Di notte siamo tornati al Ponte Sa Barva ma la macchina l’avevamo a Genna Silana!! C’eravamo messi d’accordo con un amico di Rolando che ci aveva detto due giorni prima che ci sarebbe venuto a prendere, ma lì non c’era nè rispondeva al cellulare! L’indomani ci dirà candidamente che “se n’era dimenticato!”. L’unica anima viva eran due tedeschi che abbiamo supplicato di portarci a Silana, 45 minuti di macchina, dicendo che lui era Larcher (quello di Hotel Supramonte) e io Oviglia (quello delle guide)…come da buoni italiani per cui il nome varrà ben qualcosa…e alla fine incredibilmente ha funzionato si sono impietositi e uno dei due ha mollato i fornelli e la minestra e ci ha accompagnato. Ovviamente tutto il materiale e le corde erano rimasti alla quinta sosta. Rolando la sera aveva l’aereo alle 22 da Cagliari quindi l’unico modo per almeno tentare di finire era…svegliarci alle 3!

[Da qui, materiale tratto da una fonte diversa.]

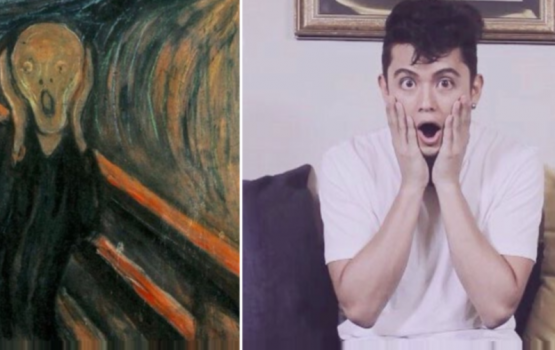 We talked to the Twitter user pairing James Reid and Nadine Lustre with classical art
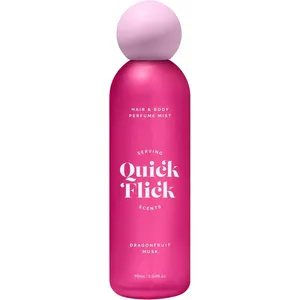 Quick Flick Dragonfruit Musk perfume bottle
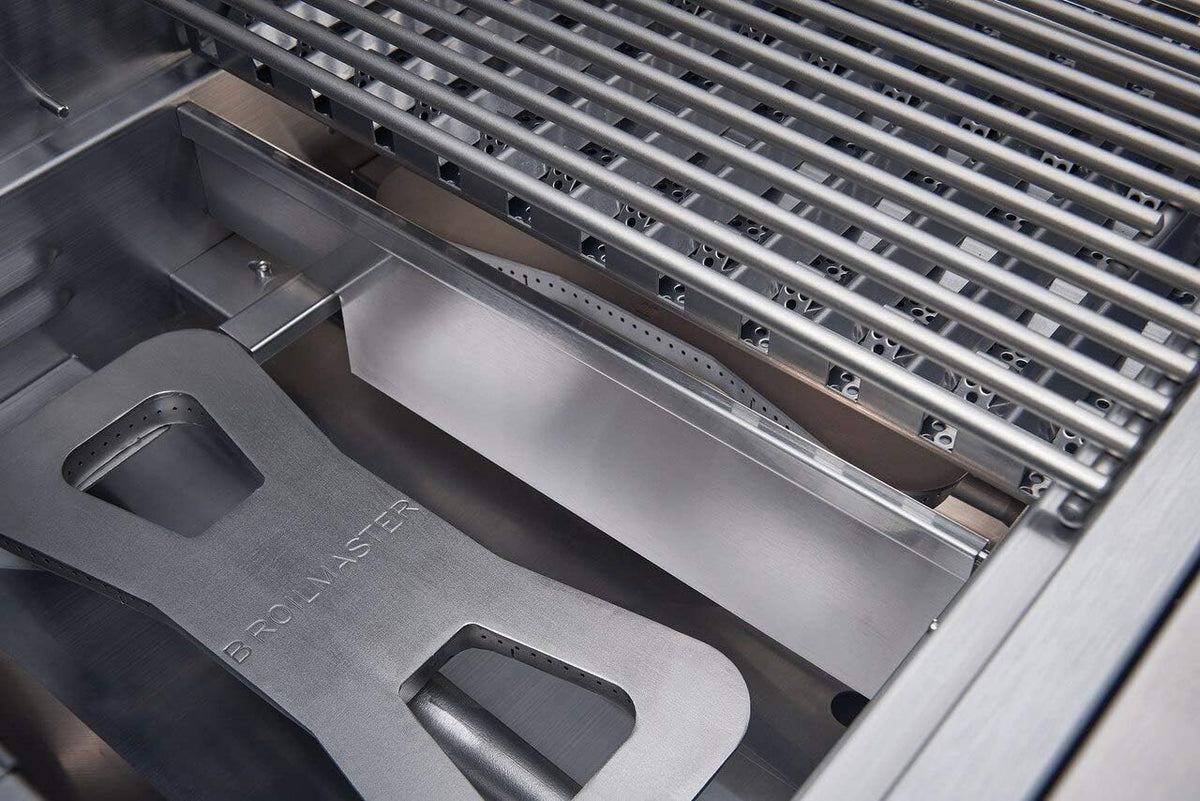 Broilmaster G-Series 34-Inch Elite Edition Freestanding Stainless Steel Gas Grill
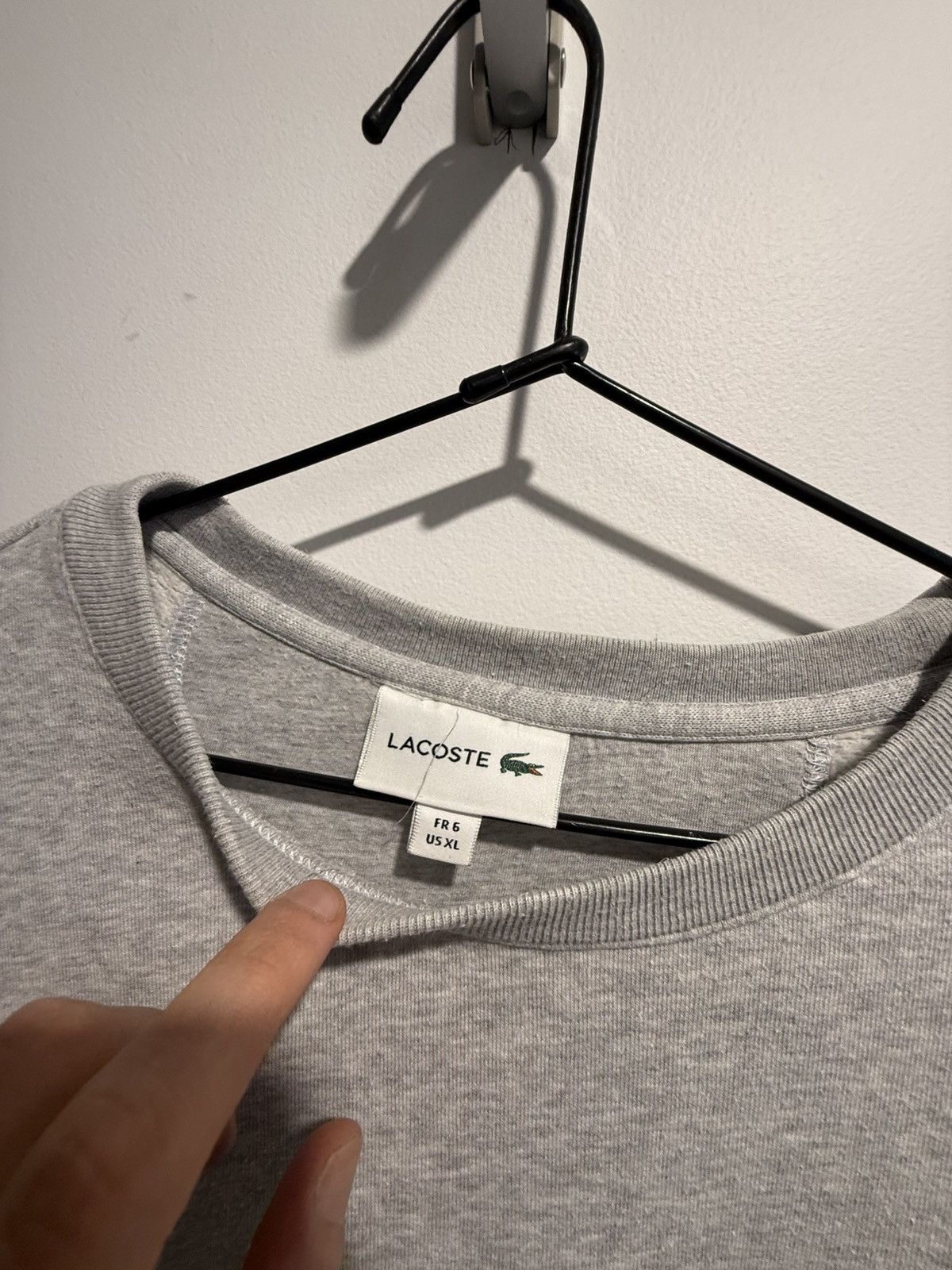 Lacoste Lacoste crewneck Size US XL / EU 56 / 4 - 3 Thumbnail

Così abbiamo fatto e siamo tornati al Ponte Sa Barva tra una cosa e l’altra alle 5. Altro trekking con le frontali di 1 ora e mezza sino a Hotel. Rolando ha risalto le mezze con i jumar e mi ha detto che aveva paura, una delle prime volte nella sua vita. Evviva, che dovevo pensare io lì sotto, aspettando il mio turno tra mille neri presagi? Avevo dimenticato nella fretta i jumar, ma che vuoi che sia, mi son detto, risalirò col il lift ed il gri-gri. Con la frontale e con la foga di fare tutto bene ho commesso però un grave errore che mi è costato caro, pensando erroneamente di avere le jumar… così mi sono lasciato appeso alla corda lo zaino da 15 kg, in modo da evitare che si incastrasse negli alberi. In ritardo ho realizzato di non riuscire a recuperare il gri-gri perchè la corda sotto era tesa e neanche più ad appoggiare lo zaino, dato che oramai ero nel vuoto, sospeso sulle gole! Ci eravamo infatti lasciati andare da un pulpito sospeso dalla parte opposta della parete. Imprecando e ondeggiando da paura nel vuoto assoluto, 20 cm alla volta e con una fatica immane, ho risalito i 120 m con pure passaggio del nodo a metà e zaino attaccato… E quello scriccolio sinistro della corda nel gri gri mentre sai, mentalmente, che sei solo su quello. Ma non eravamo che all’inizio!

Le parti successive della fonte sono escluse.